Collected data
----

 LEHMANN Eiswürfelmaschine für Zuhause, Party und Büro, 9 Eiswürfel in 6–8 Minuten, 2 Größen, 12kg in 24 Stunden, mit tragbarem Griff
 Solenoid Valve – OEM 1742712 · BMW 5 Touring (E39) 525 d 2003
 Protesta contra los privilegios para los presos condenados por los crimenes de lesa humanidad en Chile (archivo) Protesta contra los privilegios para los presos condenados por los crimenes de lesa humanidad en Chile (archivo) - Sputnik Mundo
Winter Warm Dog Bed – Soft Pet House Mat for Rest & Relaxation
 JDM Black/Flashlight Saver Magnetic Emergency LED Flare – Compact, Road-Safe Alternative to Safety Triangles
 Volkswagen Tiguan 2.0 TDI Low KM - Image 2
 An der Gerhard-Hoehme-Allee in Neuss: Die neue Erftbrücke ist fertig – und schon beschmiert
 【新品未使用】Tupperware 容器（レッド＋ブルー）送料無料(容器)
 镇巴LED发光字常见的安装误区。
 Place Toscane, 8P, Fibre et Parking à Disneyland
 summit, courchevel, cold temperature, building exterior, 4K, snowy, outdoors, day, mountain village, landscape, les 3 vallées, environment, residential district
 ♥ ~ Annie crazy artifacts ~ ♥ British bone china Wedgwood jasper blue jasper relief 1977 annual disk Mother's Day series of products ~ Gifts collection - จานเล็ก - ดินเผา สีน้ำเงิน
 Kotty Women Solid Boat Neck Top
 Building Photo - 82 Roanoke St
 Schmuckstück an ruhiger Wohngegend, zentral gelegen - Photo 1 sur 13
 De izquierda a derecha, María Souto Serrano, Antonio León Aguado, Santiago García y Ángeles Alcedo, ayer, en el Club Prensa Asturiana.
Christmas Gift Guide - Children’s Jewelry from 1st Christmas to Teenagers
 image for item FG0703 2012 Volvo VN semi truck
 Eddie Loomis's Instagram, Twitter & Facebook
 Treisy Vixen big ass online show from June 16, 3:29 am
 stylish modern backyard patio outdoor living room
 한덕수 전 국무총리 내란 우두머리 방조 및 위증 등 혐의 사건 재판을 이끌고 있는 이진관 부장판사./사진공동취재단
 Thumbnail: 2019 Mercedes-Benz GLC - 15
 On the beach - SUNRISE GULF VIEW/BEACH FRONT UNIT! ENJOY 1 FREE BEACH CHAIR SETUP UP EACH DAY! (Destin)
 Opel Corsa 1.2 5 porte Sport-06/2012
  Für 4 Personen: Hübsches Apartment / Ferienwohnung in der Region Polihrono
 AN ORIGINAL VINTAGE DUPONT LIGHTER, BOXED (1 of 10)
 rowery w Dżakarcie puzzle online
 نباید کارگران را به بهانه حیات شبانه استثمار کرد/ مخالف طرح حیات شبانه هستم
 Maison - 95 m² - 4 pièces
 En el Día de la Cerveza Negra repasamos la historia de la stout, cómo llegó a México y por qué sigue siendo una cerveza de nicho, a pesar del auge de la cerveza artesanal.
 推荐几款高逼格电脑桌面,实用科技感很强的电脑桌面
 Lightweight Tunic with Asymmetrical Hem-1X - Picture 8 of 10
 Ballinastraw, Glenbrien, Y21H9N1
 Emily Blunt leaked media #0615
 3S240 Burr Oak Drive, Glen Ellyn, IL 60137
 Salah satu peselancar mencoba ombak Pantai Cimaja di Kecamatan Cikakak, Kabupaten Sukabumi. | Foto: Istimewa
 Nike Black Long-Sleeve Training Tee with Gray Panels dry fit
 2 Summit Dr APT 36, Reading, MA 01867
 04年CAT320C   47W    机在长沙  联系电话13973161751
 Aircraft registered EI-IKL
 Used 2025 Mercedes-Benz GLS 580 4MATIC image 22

----

* Problem description: All lines of the data are to be repeated exactly as they stand.

* Response to the exercise:
 LEHMANN Eiswürfelmaschine für Zuhause, Party und Büro, 9 Eiswürfel in 6–8 Minuten, 2 Größen, 12kg in 24 Stunden, mit tragbarem Griff
 Solenoid Valve – OEM 1742712 · BMW 5 Touring (E39) 525 d 2003
 Protesta contra los privilegios para los presos condenados por los crimenes de lesa humanidad en Chile (archivo) Protesta contra los privilegios para los presos condenados por los crimenes de lesa humanidad en Chile (archivo) - Sputnik Mundo
Winter Warm Dog Bed – Soft Pet House Mat for Rest & Relaxation
 JDM Black/Flashlight Saver Magnetic Emergency LED Flare – Compact, Road-Safe Alternative to Safety Triangles
 Volkswagen Tiguan 2.0 TDI Low KM - Image 2
 An der Gerhard-Hoehme-Allee in Neuss: Die neue Erftbrücke ist fertig – und schon beschmiert
 【新品未使用】Tupperware 容器（レッド＋ブルー）送料無料(容器)
 镇巴LED发光字常见的安装误区。
 Place Toscane, 8P, Fibre et Parking à Disneyland
 summit, courchevel, cold temperature, building exterior, 4K, snowy, outdoors, day, mountain village, landscape, les 3 vallées, environment, residential district
 ♥ ~ Annie crazy artifacts ~ ♥ British bone china Wedgwood jasper blue jasper relief 1977 annual disk Mother's Day series of products ~ Gifts collection - จานเล็ก - ดินเผา สีน้ำเงิน
 Kotty Women Solid Boat Neck Top
 Building Photo - 82 Roanoke St
 Schmuckstück an ruhiger Wohngegend, zentral gelegen - Photo 1 sur 13
 De izquierda a derecha, María Souto Serrano, Antonio León Aguado, Santiago García y Ángeles Alcedo, ayer, en el Club Prensa Asturiana.
Christmas Gift Guide - Children’s Jewelry from 1st Christmas to Teenagers
 image for item FG0703 2012 Volvo VN semi truck
 Eddie Loomis's Instagram, Twitter & Facebook
 Treisy Vixen big ass online show from June 16, 3:29 am
 stylish modern backyard patio outdoor living room
 한덕수 전 국무총리 내란 우두머리 방조 및 위증 등 혐의 사건 재판을 이끌고 있는 이진관 부장판사./사진공동취재단
 Thumbnail: 2019 Mercedes-Benz GLC - 15
 On the beach - SUNRISE GULF VIEW/BEACH FRONT UNIT! ENJOY 1 FREE BEACH CHAIR SETUP UP EACH DAY! (Destin)
 Opel Corsa 1.2 5 porte Sport-06/2012
  Für 4 Personen: Hübsches Apartment / Ferienwohnung in der Region Polihrono
 AN ORIGINAL VINTAGE DUPONT LIGHTER, BOXED (1 of 10)
 rowery w Dżakarcie puzzle online
 نباید کارگران را به بهانه حیات شبانه استثمار کرد/ مخالف طرح حیات شبانه هستم
 Maison - 95 m² - 4 pièces
 En el Día de la Cerveza Negra repasamos la historia de la stout, cómo llegó a México y por qué sigue siendo una cerveza de nicho, a pesar del auge de la cerveza artesanal.
 推荐几款高逼格电脑桌面,实用科技感很强的电脑桌面
 Lightweight Tunic with Asymmetrical Hem-1X - Picture 8 of 10
 Ballinastraw, Glenbrien, Y21H9N1
 Emily Blunt leaked media #0615
 3S240 Burr Oak Drive, Glen Ellyn, IL 60137
 Salah satu peselancar mencoba ombak Pantai Cimaja di Kecamatan Cikakak, Kabupaten Sukabumi. | Foto: Istimewa
 Nike Black Long-Sleeve Training Tee with Gray Panels dry fit
 2 Summit Dr APT 36, Reading, MA 01867
 04年CAT320C   47W    机在长沙  联系电话13973161751
 Aircraft registered EI-IKL
 Used 2025 Mercedes-Benz GLS 580 4MATIC image 22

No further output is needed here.